Task item:
What's wanted is each entry repeated verbatim, minus its images.

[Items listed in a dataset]
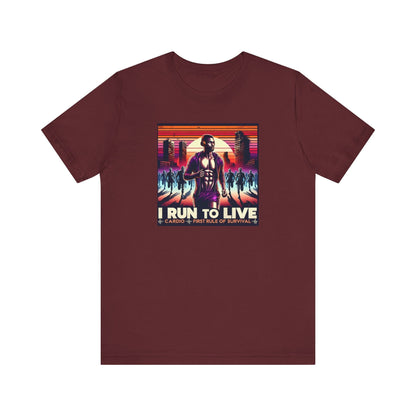 Male Runner Zombie Inspired T-Shirt - I Run To Live
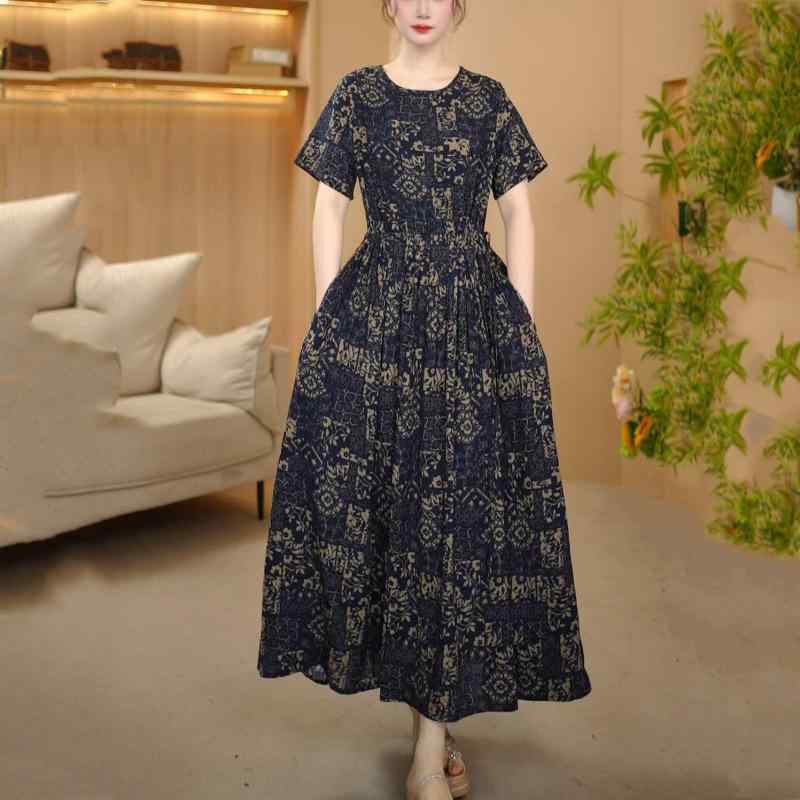 ワンピース レディース レトロ 上品 エレガント 綿麻 コットンリネン ラウンドネック 半袖 ウエストマーク リボン 花柄 プリント 着痩せ 体型カバー Aライン フレア ロング丈 マキシ 夏 お出かけ リゾート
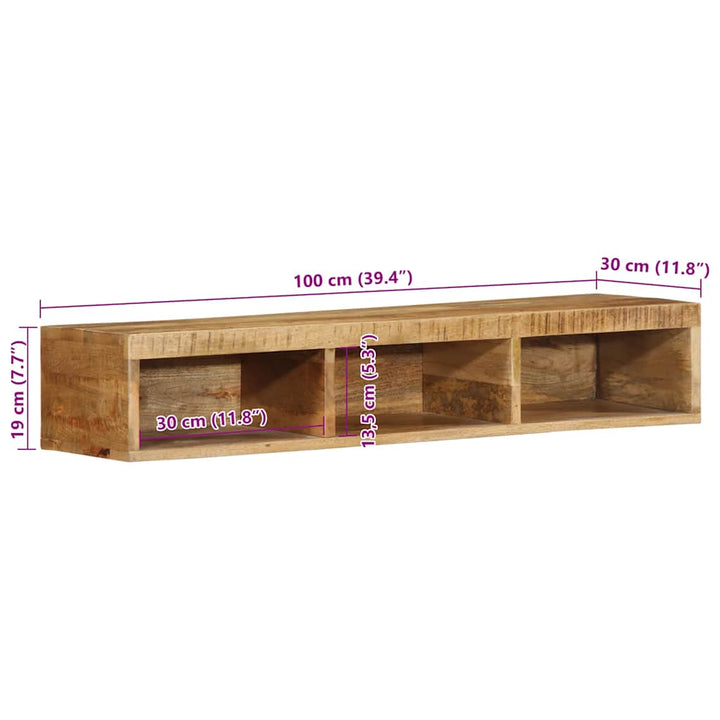 væghængt tv-skab 100x30x19 cm massivt ru mangotræ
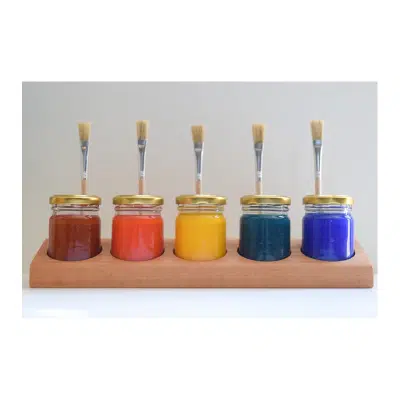 Grennn - verfpot houder beuken inclusief 5 potjes+kwastjes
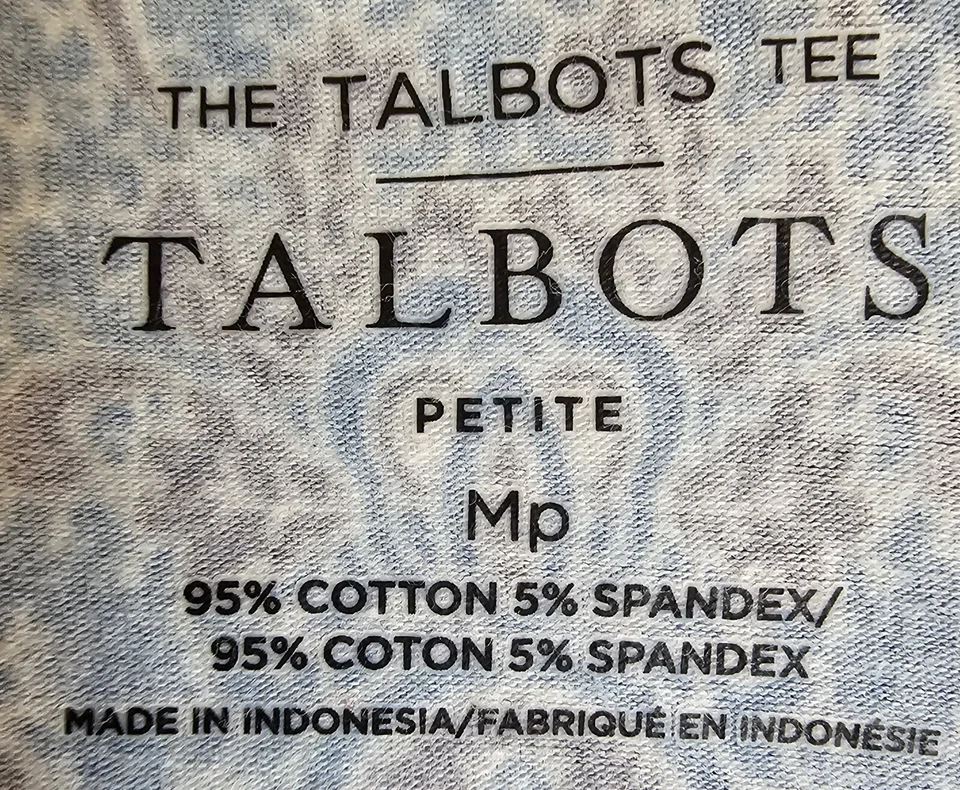 Camisa Top Blusa Talbots Mujer Talla MP Mediana Pequeña Azul Negro Blanco Cachemira Foto 2 de 4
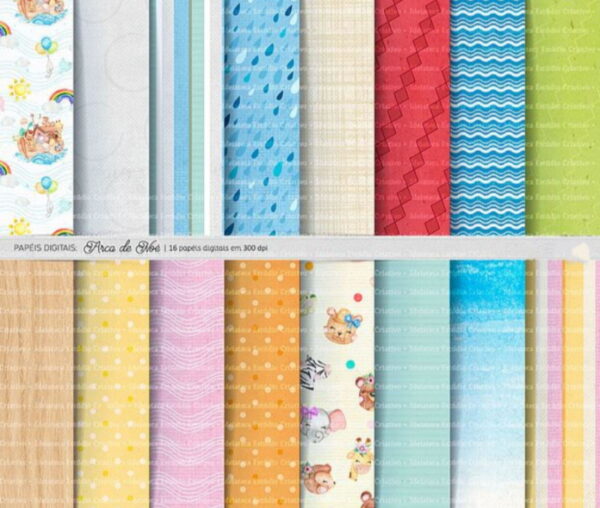 Kit Digital Arca de Noé Aquarela/+20kits Cod:3636 - Image 2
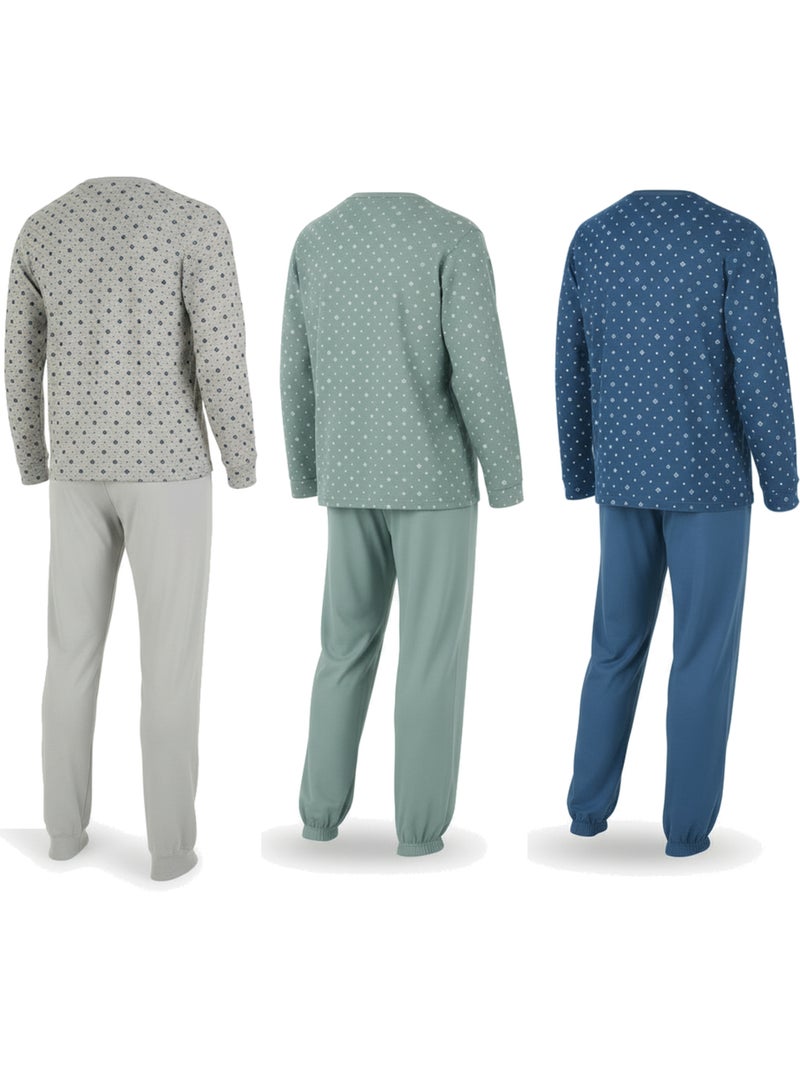 Ozabi ensemble pyjama homme long pack de 3, haut imprimé col boutonné Bleu Vert Gris - Kiabi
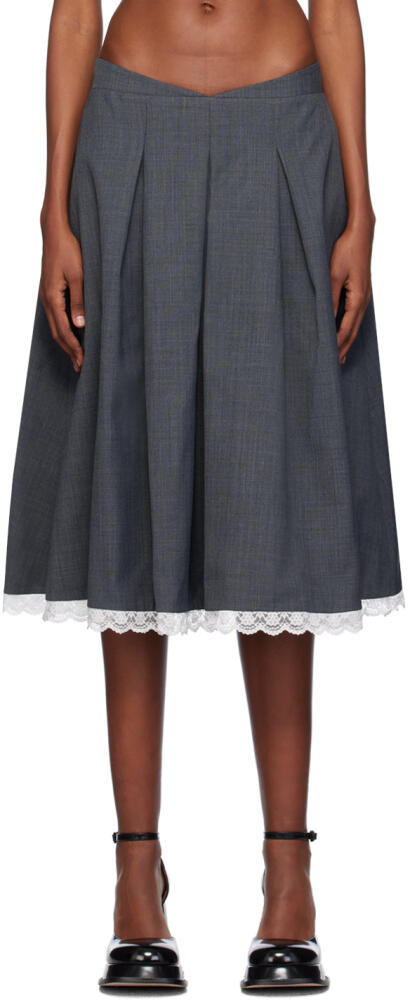 SHUSHU/TONG Gray Pleated Midi Skirt Cover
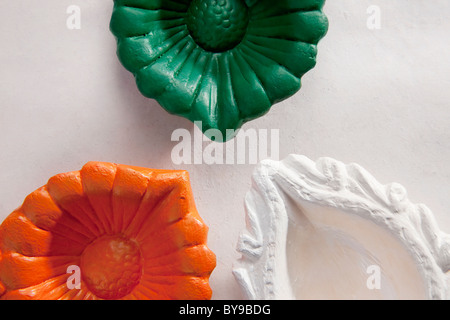 Different coloured diyas Stock Photo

Response to the exercise:
 Male Runner Zombie Inspired T-Shirt - I Run To Live
 ワンピース レディース レトロ 上品 エレガント 綿麻 コットンリネン ラウンドネック 半袖 ウエストマーク リボン 花柄 プリント 着痩せ 体型カバー Aライン フレア ロング丈 マキシ 夏 お出かけ リゾート
 væghængt tv-skab 100x30x19 cm massivt ru mangotræ
 Grennn - verfpot houder beuken inclusief 5 potjes+kwastjes
 Camisa Top Blusa Talbots Mujer Talla MP Mediana Pequeña Azul Negro Blanco Cachemira Foto 2 de 4
 Kit Digital Arca de Noé Aquarela/+20kits Cod:3636 - Image 2
 Ozabi ensemble pyjama homme long pack de 3, haut imprimé col boutonné Bleu Vert Gris - Kiabi
 SHUSHU/TONG Gray Pleated Midi Skirt Cover
 Different coloured diyas Stock Photo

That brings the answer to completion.